THE WOMAN who led a transformation in the fortunes of a struggling secondary school has been rewarded with the permanent headship.

In 2013, St. Antony's Catholic College, Urmston was deemed inadequate by Ofsted inspectors, who reported that "this is a school that has serious weaknesses".

Fiona Wright, formerly deputy head at Altrincham Catholic Grammar School, was drafted in to undertake a 'root and branch reform' of the school.

Now it is considered one of Greater Manchester's most improved schools.

Mrs Wright, who lives a stone's throw from the Catholic school in Urmston, said she is “honoured” to have been permanently appointed as the new Headteacher.

She is confident that the school is now on the right track after suffering from years of underperformance.

She said: “This year I can confidently predict, based on our own historically accurate evaluation, our best ever results in English and Mathematics.

“It is more difficult to predict results for other subjects because they will be new exams this year, but across the subjects where a benchmark has already been set, we know this will be a record year.

"I would have no hesitation in sending my own children here now."

The school has struggled in recent years and was one of the lowest performing secondary schools in the borough.

In the latest Ofsted report, inspectors said the school still 'required improvement' but Mrs Wright is confident that the 'serious weaknesses' cited in their report have since been rectified.

Since her arrival as acting head, the school has transformed its approach to behaviour, lesson content and pupil progress. She said this has been achieved by "developing the college's culture and monitoring systems to deliver significant year on year progress".

Mrs Wright said: “When I arrived the staff were demoralised. They had been trying hard and putting on a brave face, but the school was a long way from where it needed to be.

"We started to implement change in two key areas. First, and most importantly, our goal was to improve behaviour, because poor behaviour in class, in the corridors and outside of school, was denying all the pupils their opportunity to learn.

“Before working at Loreto I had been the assistant head at Chorlton High School, so I took a team there, to see how a school with a similar catchment area, handled behavioural issues and we modified their systems for St. Antony's.

“Then we had to look to improve the quality of teaching and being able to provide lessons that engaged and enthused all ability levels using much of what I had learned at Loreto to empower the staff to be confident, charismatic classroom practitioners.”

Fiona, who was born and raised in Liverpool, attended the Catholic comprehensive Sacred Heart in Crosby, before taking a business degree at Staffordshire University.

She said much of St.
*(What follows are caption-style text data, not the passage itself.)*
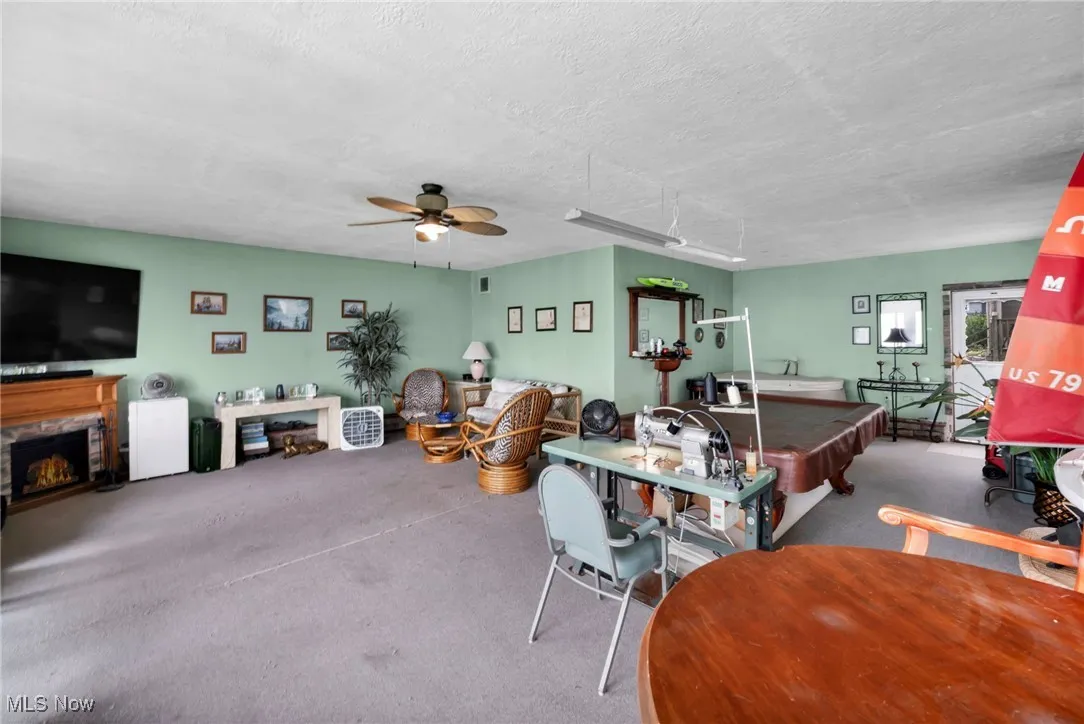Living area featuring ceiling fan, carpet floors, billiards table, a textured ceiling, and a stone fireplace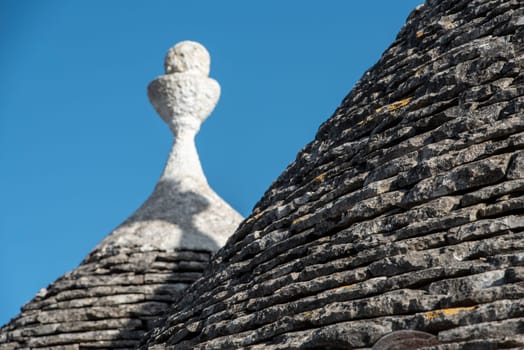 Iconic residential houses in historic Trulli district in Alberobello, Italy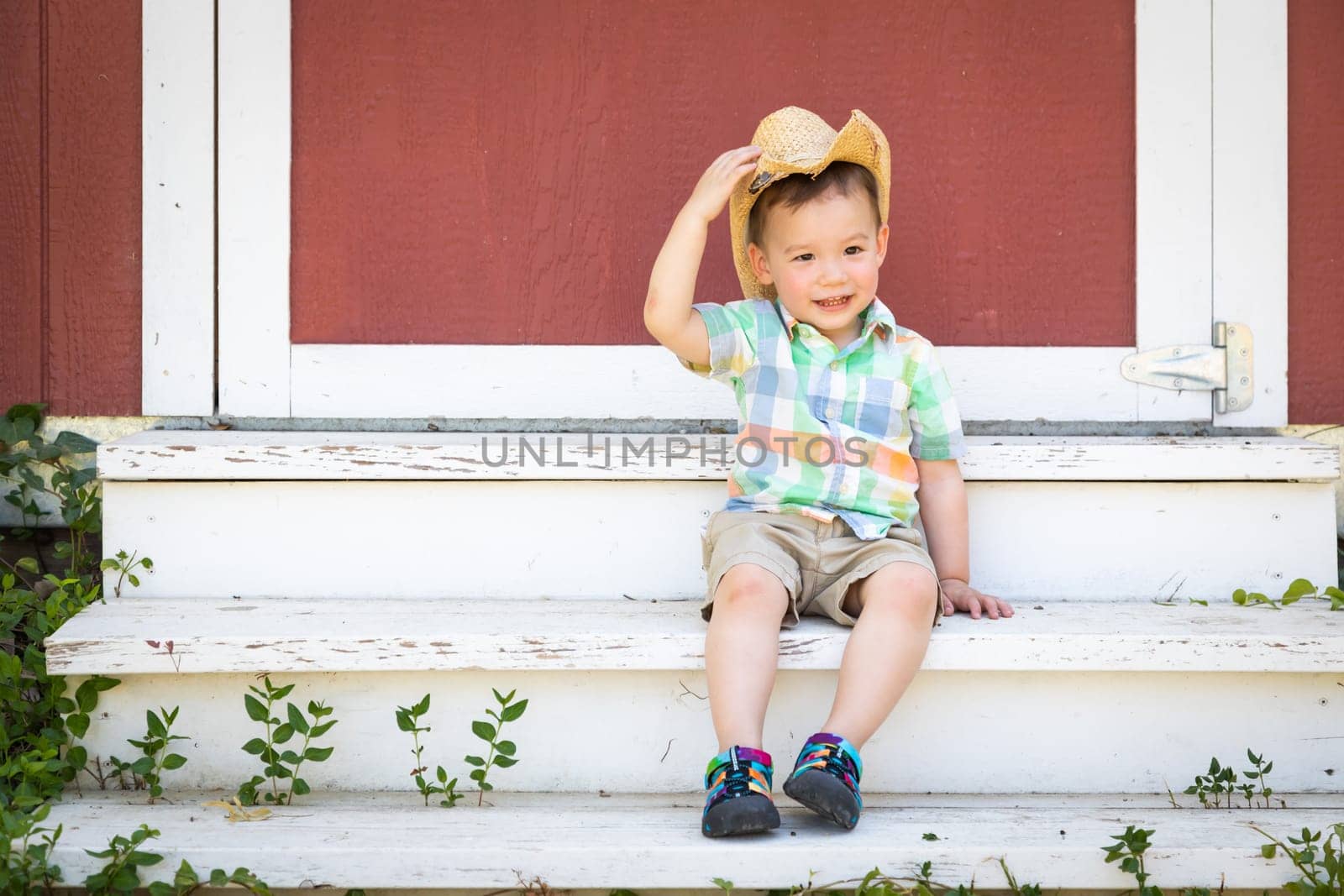 Young Mixed Race Chinese and Caucasian Boy Wearing Cowboy Hat Relaxing On The Steps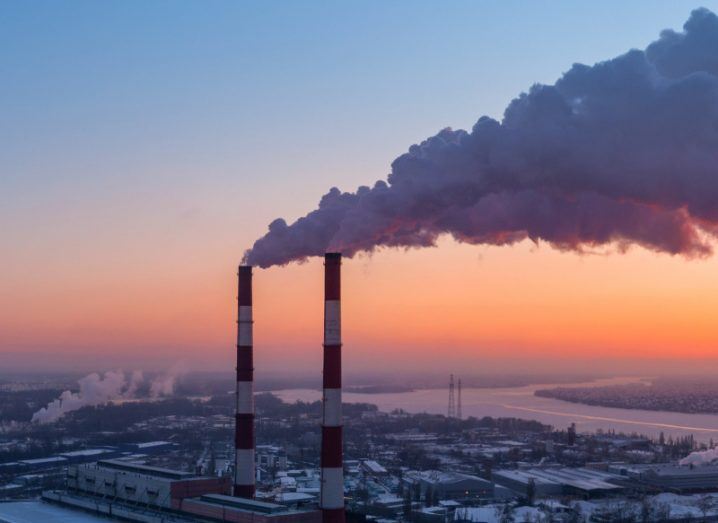 An industrial area with two large red and white chimney stacks releasing harmful emissions into the atmosphere at sunset.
Antony's success can be attributed to its heartfelt Catholic values.

She said: “This is a diverse and inclusive school where over half of our intake are non-Catholics, but gospel values are implicit in everything we do.

“I very much believe in the principle of servant leadership. Jesus was our servant and regarding yourself as the servant of those for whom you are responsible is at the heart of my and St. Antony's approach.”

Married with two teenage daughters and her niece, who became part of the family after Fiona's sister died four years ago, Fiona has little time for anything outside her job and her family.

She added: “I have a husband and three children to love and care for, as well as a dog and an all consuming job that I am passionate about.

"There really isn't time for anything more and I wouldn't want it any other way."

Talented young artists at St. Antony’s have recently finished putting the finishing touches to a major public artwork to celebrate the 70th anniversary of the National Health Service.

The bespoke Urmston Mural was unveiled in the town centre on Thursday, July 5 by Kate Green, MP for Stretford and Urmston.